One Earth’s Project Marketplace funds on-the-ground climate solutions that are key to solving the climate crisis through three pillars of collective action — renewable energy, nature conservation, and regenerative agriculture.
Central Asia has about 250 million hectares of pasture, including parts of Russia, Mongolia, and China and more than half of Kazakhstan, Uzbekistan, Tajikistan and Kyrgyzstan, where pastoralism is the mainstay of many people. Native breeds of livestock are especially critical for food security in the harshest of Earth’s climates -- from the Gobi desert to the icy plains of Siberia -- but in recent decades, the genetic diversity of livestock around the world has plummeted.
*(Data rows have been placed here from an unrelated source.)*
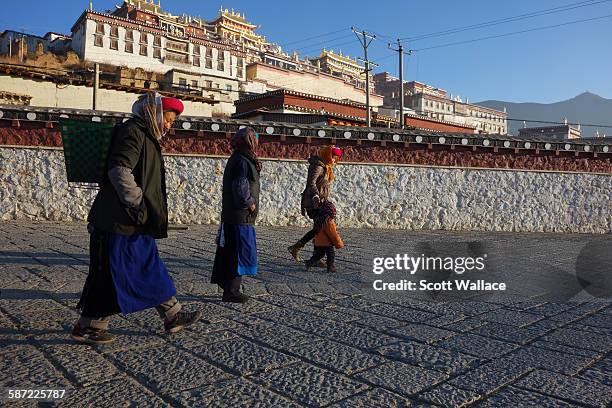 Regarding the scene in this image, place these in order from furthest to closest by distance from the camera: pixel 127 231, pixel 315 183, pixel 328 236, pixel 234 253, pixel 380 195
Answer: pixel 380 195 < pixel 315 183 < pixel 328 236 < pixel 234 253 < pixel 127 231

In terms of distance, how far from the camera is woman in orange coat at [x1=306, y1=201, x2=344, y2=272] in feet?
19.5

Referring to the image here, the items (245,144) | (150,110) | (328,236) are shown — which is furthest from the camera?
Result: (328,236)

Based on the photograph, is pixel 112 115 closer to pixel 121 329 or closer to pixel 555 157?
pixel 121 329

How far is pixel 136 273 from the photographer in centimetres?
300

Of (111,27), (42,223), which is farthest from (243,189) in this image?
(111,27)

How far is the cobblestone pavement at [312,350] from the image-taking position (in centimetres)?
238

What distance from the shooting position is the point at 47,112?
1154cm

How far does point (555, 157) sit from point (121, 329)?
15.1m

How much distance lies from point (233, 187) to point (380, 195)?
31.4 feet

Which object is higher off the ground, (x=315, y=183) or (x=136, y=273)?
(x=315, y=183)

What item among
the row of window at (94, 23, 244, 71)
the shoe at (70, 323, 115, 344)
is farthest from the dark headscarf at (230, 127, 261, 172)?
the row of window at (94, 23, 244, 71)

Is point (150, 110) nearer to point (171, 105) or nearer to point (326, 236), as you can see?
point (171, 105)

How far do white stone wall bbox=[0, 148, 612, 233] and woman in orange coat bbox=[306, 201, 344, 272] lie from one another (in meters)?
6.67

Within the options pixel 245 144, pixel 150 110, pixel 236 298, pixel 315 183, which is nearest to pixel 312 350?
pixel 236 298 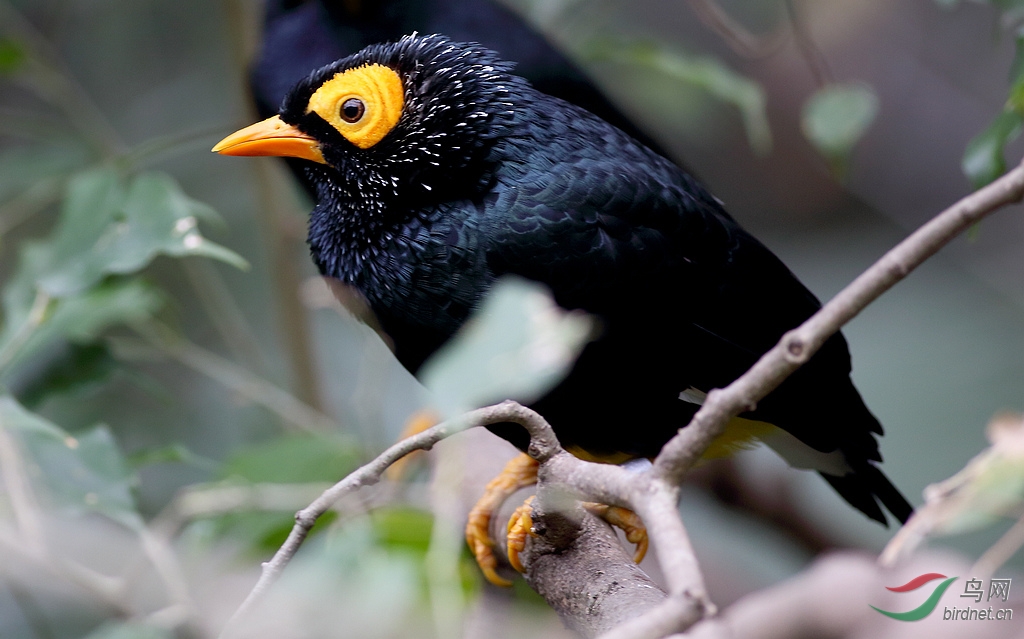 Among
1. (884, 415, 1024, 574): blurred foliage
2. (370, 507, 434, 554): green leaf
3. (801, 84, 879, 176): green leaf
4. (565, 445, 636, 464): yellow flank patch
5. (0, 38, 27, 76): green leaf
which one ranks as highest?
(801, 84, 879, 176): green leaf

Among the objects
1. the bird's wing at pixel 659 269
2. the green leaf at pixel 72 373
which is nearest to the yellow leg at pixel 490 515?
the bird's wing at pixel 659 269

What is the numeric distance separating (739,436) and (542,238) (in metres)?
0.70

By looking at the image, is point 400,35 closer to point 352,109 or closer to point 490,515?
point 352,109

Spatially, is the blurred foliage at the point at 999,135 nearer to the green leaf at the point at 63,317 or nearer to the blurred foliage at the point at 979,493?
the blurred foliage at the point at 979,493

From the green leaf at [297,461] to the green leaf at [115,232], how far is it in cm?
72

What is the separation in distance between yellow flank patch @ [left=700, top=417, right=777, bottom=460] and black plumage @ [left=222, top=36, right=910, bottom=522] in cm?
19

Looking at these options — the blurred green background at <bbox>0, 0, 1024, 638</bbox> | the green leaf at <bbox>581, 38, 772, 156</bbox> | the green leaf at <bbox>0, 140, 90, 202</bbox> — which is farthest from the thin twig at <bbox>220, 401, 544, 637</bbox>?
the green leaf at <bbox>0, 140, 90, 202</bbox>

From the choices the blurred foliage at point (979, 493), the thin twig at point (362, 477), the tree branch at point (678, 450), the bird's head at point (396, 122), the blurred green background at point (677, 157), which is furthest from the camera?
the blurred green background at point (677, 157)

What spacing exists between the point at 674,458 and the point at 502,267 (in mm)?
739

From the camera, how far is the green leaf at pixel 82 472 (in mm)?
1840

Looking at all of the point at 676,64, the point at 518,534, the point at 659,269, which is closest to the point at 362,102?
the point at 659,269

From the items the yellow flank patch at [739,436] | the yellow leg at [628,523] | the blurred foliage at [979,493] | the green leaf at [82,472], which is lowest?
the green leaf at [82,472]

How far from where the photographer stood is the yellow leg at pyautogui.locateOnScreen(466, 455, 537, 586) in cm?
203

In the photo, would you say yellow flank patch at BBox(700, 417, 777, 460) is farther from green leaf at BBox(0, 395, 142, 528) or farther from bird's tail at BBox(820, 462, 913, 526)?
green leaf at BBox(0, 395, 142, 528) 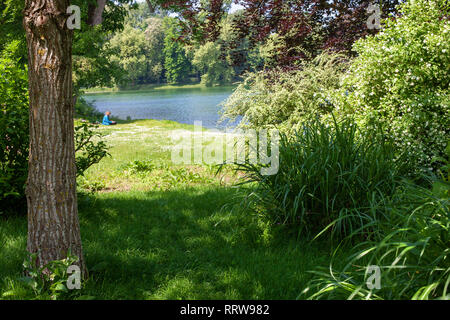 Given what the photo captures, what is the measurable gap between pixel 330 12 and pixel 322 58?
4.23 feet

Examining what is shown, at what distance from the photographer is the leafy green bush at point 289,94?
6797mm

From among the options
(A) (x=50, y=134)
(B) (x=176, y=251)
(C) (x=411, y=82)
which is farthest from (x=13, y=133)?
(C) (x=411, y=82)

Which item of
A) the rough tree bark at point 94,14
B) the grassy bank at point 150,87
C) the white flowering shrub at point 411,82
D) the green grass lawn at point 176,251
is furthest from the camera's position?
the grassy bank at point 150,87

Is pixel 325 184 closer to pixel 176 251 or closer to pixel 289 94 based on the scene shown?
pixel 176 251

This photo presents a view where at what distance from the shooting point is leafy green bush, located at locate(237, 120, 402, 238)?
3.45 metres

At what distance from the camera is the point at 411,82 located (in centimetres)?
508

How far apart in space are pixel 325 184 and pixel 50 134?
2446mm

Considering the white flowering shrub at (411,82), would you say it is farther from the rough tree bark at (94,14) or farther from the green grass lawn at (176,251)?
the rough tree bark at (94,14)

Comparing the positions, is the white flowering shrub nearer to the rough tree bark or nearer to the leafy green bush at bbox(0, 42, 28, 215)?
the leafy green bush at bbox(0, 42, 28, 215)

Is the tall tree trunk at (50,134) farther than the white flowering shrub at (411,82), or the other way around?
the white flowering shrub at (411,82)

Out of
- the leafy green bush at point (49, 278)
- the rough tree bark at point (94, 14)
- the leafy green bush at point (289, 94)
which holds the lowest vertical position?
the leafy green bush at point (49, 278)

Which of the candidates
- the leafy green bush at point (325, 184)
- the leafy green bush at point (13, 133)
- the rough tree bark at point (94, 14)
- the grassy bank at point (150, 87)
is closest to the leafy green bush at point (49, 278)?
the leafy green bush at point (13, 133)

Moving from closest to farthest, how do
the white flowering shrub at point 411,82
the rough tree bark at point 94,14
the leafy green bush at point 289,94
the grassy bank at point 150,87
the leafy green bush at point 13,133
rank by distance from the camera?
the leafy green bush at point 13,133, the white flowering shrub at point 411,82, the leafy green bush at point 289,94, the rough tree bark at point 94,14, the grassy bank at point 150,87

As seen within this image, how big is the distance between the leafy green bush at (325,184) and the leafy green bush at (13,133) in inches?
103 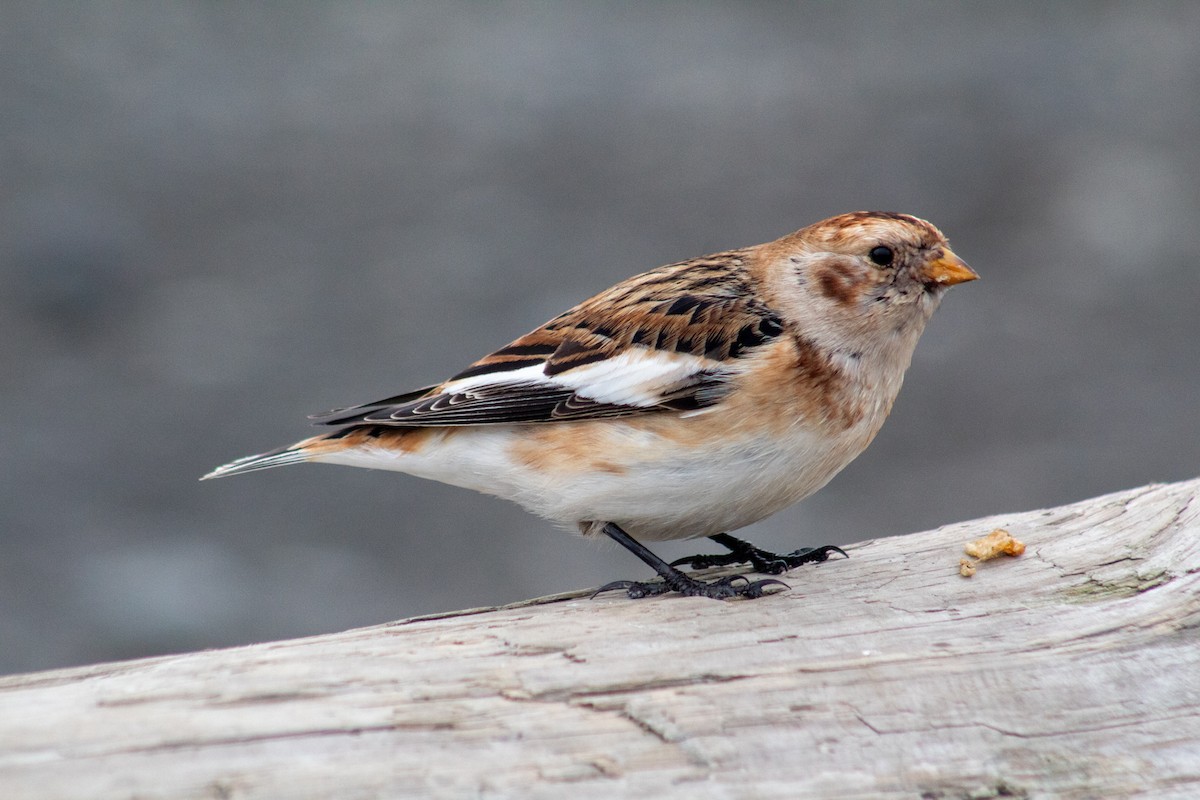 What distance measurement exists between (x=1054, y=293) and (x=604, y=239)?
3.20 m

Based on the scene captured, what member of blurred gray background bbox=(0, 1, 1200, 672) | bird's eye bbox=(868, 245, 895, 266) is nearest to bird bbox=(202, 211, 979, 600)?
bird's eye bbox=(868, 245, 895, 266)

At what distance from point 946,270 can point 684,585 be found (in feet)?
3.89

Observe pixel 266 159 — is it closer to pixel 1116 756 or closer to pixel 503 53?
pixel 503 53

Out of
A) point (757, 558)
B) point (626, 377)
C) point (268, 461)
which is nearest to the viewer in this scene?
point (626, 377)

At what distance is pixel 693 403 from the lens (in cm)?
347

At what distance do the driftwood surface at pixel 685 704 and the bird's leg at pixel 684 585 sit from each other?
0.16m

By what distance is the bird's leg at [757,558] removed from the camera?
3.71 meters

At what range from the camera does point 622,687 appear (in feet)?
8.45

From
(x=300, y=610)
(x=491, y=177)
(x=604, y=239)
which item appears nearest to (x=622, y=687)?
(x=300, y=610)

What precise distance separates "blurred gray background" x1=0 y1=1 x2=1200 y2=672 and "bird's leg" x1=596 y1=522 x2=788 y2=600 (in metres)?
2.99

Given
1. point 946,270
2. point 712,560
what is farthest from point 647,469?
point 946,270

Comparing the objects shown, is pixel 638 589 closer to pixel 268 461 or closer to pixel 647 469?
pixel 647 469

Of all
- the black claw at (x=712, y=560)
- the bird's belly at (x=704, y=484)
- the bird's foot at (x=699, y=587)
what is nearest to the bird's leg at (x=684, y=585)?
the bird's foot at (x=699, y=587)

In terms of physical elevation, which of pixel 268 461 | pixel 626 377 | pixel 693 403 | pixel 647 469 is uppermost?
pixel 268 461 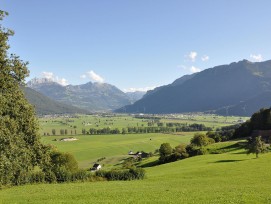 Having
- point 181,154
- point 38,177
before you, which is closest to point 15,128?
point 38,177

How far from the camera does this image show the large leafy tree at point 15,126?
41.4 meters

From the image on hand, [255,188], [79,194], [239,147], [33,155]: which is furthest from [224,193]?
[239,147]

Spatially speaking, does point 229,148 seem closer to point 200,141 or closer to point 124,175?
point 200,141

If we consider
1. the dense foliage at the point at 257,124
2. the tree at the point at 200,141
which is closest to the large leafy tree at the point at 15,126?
the tree at the point at 200,141

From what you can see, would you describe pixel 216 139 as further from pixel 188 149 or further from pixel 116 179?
pixel 116 179

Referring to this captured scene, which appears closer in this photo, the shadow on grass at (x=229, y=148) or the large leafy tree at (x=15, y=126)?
the large leafy tree at (x=15, y=126)

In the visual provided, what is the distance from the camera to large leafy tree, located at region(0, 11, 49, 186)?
41.4 metres

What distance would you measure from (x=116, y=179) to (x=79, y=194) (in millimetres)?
27283

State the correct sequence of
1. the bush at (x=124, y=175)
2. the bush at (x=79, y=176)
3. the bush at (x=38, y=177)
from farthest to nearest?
1. the bush at (x=124, y=175)
2. the bush at (x=79, y=176)
3. the bush at (x=38, y=177)

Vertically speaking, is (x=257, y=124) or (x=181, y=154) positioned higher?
(x=257, y=124)

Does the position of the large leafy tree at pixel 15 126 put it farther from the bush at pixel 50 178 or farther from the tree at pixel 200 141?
the tree at pixel 200 141

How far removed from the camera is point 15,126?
43344 mm

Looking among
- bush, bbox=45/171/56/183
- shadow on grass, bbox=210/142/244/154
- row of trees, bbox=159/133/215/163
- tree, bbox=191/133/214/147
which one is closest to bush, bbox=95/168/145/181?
bush, bbox=45/171/56/183

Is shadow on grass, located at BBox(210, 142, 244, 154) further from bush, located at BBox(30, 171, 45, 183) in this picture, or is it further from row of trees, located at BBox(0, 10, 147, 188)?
row of trees, located at BBox(0, 10, 147, 188)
The Buryats, one of the largest Indigenous groups in Russian, are a Mongolic people hit hard by this genetic erosion. They were once nomadic herders, roaming far and free with their hardy native cattle. Milk and meat products were traditional sources of food that were considered not just sustenance, but sacred.
However, decades of Soviet influence have undermined this way of life. A strong government policy focusing on high-yielding breeds introduced herds of interbred cattle across Buryatia. These breeds require protection from the long, harsh winter, expensive fodder, and medicines. Today, most Buryats live in poverty, fighting to earn a living from agriculture in a hostile climate.
The Peace Building Center (PBC) in Kyrgyzstan is working to change that. It has partnered with Indigenous groups across the Pamir, Tien-Shan, and Sayan-Altai mountain ranges that straddle the boundary between Central and Eastern Asia. The Center seeks to revitalize the connection between distinct cultures and their natural landscapes in order to promote sustainable food systems and healthy lifestyles, reviving the rural economies.
To do this, the Center has been working closely with herders, veterinarians, and genetic scientists to restore populations of neglected native livestock, including the hardy Turano-Mongolian Buryat breed.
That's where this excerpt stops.